The world is still trying to grasp the meaning of the summit between the two Koreas. Many are euphoric; wiser heads counsel that there is a long way to go before there's real peace on the Korean Peninsula. Nonetheless, if reconciliation and, eventually, unification do come about, the effects will be felt throughout the entire region, and perhaps nowhere more strongly than in Japan.
The immediate effect of genuine peace would be a diminution of tension on the peninsula. That strikes at the heart of the rationale for a continuing U.S. military presence in South Korea. Seoul and Washington are already on the defensive. During her recent swing through Asia, U.S. Secretary of State Madeleine Albright repeated at every opportunity that the United States will not be cutting its forces in South Korea anytime soon.
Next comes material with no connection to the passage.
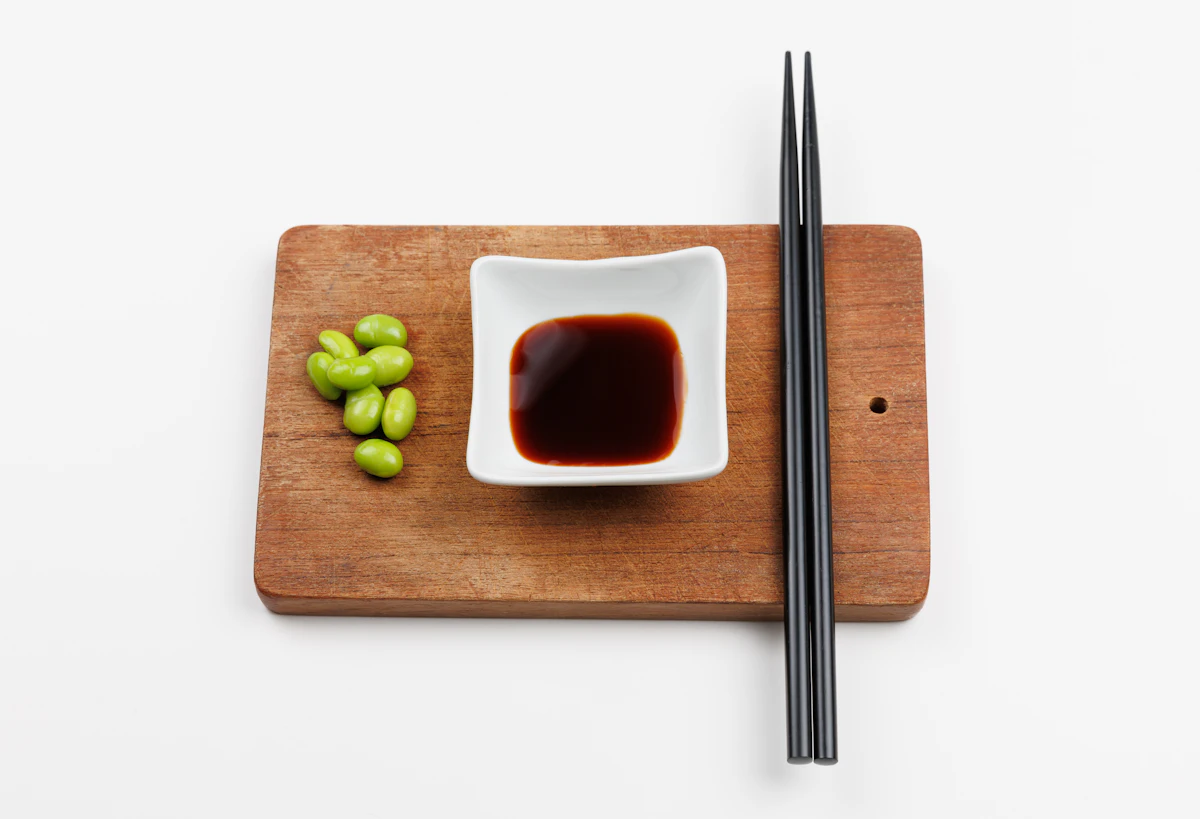 A chopping board with chopsticks and a small bowl of sauce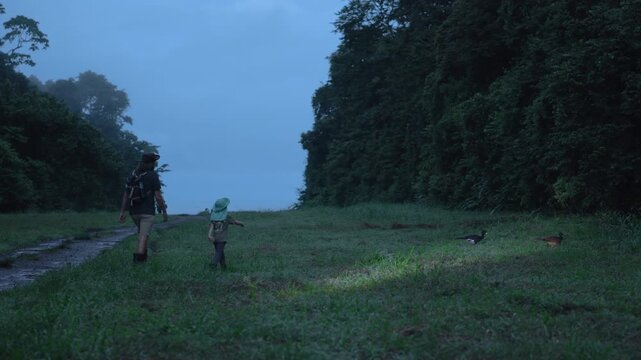 Father and son walk at night with flashlights along grassy path in dense tropical rainforest. Adult and child wear hiking gear and rubber boots while wild birds forage nearby in misty dusk atmosphere.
The effects would also spread quickly beyond the Korean Peninsula. Since a Korean contingency has long been used to justify the U.S. presence in Japan, some claim that a Korean rapprochement would undermine the need for U.S. military bases here. But Akihisa Nagashima, a senior fellow at the U.S. Council of Foreign Relations who is studying the long-term U.S. presence in Asia, argued in an interview last month that the need for those bases remains compelling. Nagashima's thinking is simple: Regional stability requires a forward U.S. military presence in Asia. The status quo is unsustainable, however. The U.S.-Japan alliance must be modified to adapt to the new external environment if it is to provide peace and security in the 21st century.